As I write this, I can say with total certainty that I’m doing exactly the same thing I was this time a whole decade ago: listening to Mansun’s brilliant ‘Six’ LP.
No; my memory isn’t usually that accurate, but today one of my all time favourite albums celebrates its 10th anniversary. When I got the email about this a few weeks back, I did a bit of a double take. Misplacing August is one thing, but blinking long enough to miss a decade is something else altogether! This time back in 1998, I’d recently turned 12 and just started my second year at high school. I can clearly remember that feeling of sitting there, through another tedious geography class, eager to dash to Woolies and get my hands on this record. It’d taken me ages to save up for, but albums always used to feel that little bit more special when you'd spent weeks putting aside your pocket money for them. This one was particularly special, although I must admit to being pretty taken aback when I got back to my old home (3 Ansbro Avenue in those days), made a cup of tea and stuck it on the stereo.

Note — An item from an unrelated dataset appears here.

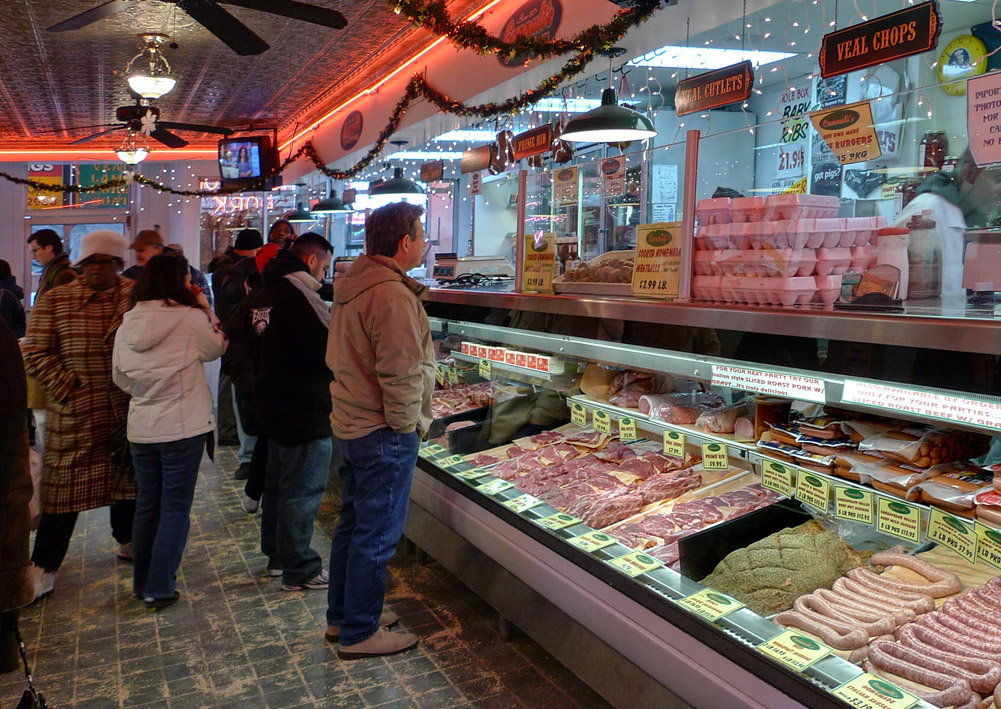 P1090426 Cannulis Meat Case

Even today, it’s true to say that ‘Six’ is a baffling album; full of lengthy songs, darkly eccentric humour, multi-part epics, obscure idiosyncrasies, 'teapot solos' (to quote one magazine review a few years later) and the inspired addition of Tom Baker’s dulcet tones on the bizarre interlude. I quickly grew to love this brilliant, if downright weird, album and still count it among my favourites to this day (more on that one very soon). It’s also been the soundtrack to a lot of memories, both good and bad, and listening to it nowadays makes me realise just what a chaotic 10 years it’s been. It wasn’t long after this album’s release that I got ill, and whilst it has obvious associations with that particularly dark period, it reminds me of so much good stuff too: going to see the band live on the tour (the poster still hangs on my wall), crammed into Blackburn’s ‘King Georges Hall’, full of sweat and a heavy cloud of questionable substance. I’m sure my mum remembers that one too! This album was partly responsible for me meeting my closest friend (and definitely responsible for me rifling through his collection of ‘Prisoner’ videos.) It became as much a soundtrack to my years at high school as the Levellers did later on, and can probably be levelled with the charge of helping me discover Pink Floyd and progressive rock. Since then; I’ve been to college, visited so many amazing places, had several shit jobs, been to gigs, played gigs, made friends, lost friends, published my first book, grown my hair only to chop the lot off again and now here I am. God knows where the hell I’ll be 10 years from now, but I wouldn’t bet on it being where I expect. Probably quite the opposite, in fact. Even then, I can’t say for sure whether the world will be ready for the inspired madness of ‘Six’.